Recently, I took a look at a hot new trade book in which a Hollywood author essentially spends several hundred pages browbeating the game industry for not being as clever as the movie industry. His big idea is that, if the game artists would simply pay attention to what the movie artists do, and then do the same thing, presto-change-o, we'd have triple the game grosses. The only hurdle holding back games, he seems to suggest, is that they are not movies. Yeah, well, thanks for the swell advice and pass the catsup.

The game industry is developmentally still an infant while the film industry is mature. A corporate drift toward joining the two at the hip is not going to help things. Oh sure, we already know that even a weak game will generate money if the box carries a photograph of a movie or TV star. My concern is with what this is doing artistically.

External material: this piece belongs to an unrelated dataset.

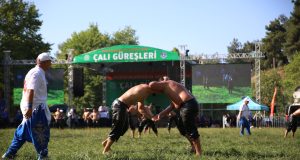 Tarihi Çalı Güreşleri’nde 800 pehlivan er meydanına çıkıyor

Game developers must have room to breathe. What the industry needs is more independent game development, not less, which corporate consolidation portends. Creators and producers must be willing to take risks, think outside the box and still have some hope for distribution. In the game industry - unlike the movie industry - artists are still working on issues of basic aesthetics. They are still trying to figure out how to get the player to empathize with an NPC. Games are artistically at the modern-day equivalent point of D.W. Griffith's invention of the close-up. I worry about major game talents being highjacked by big telecommunications companies into producing games with titles such as "Nip/Tuck, The Game".

Consider the mess that the entertainment industry has become since passage of the 1996 Telecommunications Act: We have something like five men running the entire show now, tying in movies with the TV show spin-offs with the books on which they are based. And soon we'll have the game. More product, less quality, a race for the lowest common denominator. Commerce over art.

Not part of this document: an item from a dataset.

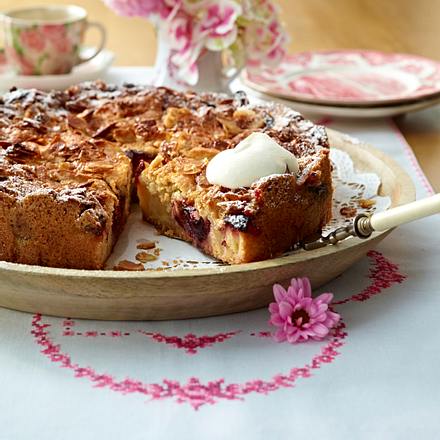 Kuchen im Springblech mit Äpfeln und Pflaumen Rezept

No two game industry artists I meet seem to agree on what the future holds for the industry, yet nobody seems happy with the status quo.. There is too much talk about the limitations on creativity and not enough dreaming. There is too much leverage being applied to create more graphically exciting versions of whatever was a hit game last year. I'll tell you true, if D.W. Griffith had thought like this, we still wouldn't have editing rooms.

Here is an excerpt from on on-line biography of D.W. Griffith. Instead of movies, imagine games See you next month.

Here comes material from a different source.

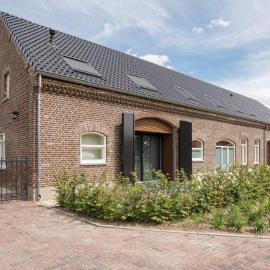 Barn24 - The Stable & The Loft, מלון בRoggel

"But Griffith was not happy. In his Biograph years he had perfected all the elements of so-called film grammar -- cross-cutting, tracking shots, the running insert, flashbacks, and more. He wanted to make longer films, but Biograph fought him all the way.

"Biograph was a member of the Motion Picture Patents Company, a trust organized by Thomas Edison and his associates to restrict production of motion pictures to ten companies, to eliminate further competition. Theaters paid a two-dollar weekly fee and could only exhibit Trust-produced films. Independents who tried to produce their own films were often met with violence.

"The Trust had a policy when it came to filmmaking -- keep it simple and keep it profitable. One-reel films were profitable and there was no reason to make them longer or more expensive. Griffith did manage to make a number of two-reelers, but it was always under protest from the company.

"By 1913, the grip of the Trust was weakening, but not their resistance to change. Griffith decided to leave Biograph and, when he did, he took his stock company of actors with him. Biograph's decline began the moment Griffith walked out the door. In five years, it was gone.

"Griffith, on the other hand, continued to prosper and in 1915 he put forth his most ambitious effort, the twelve-reel destined to be classic Birth of a Nation, based on Thomas Dixon's southern tilted Civil War era drama. Although highly controversial for its content both then and now....(the climax of the movie is a highly dramatic gathering and riding of the Ku Klux Klan)....the film was an instant sensation. Griffith was hailed as a genius."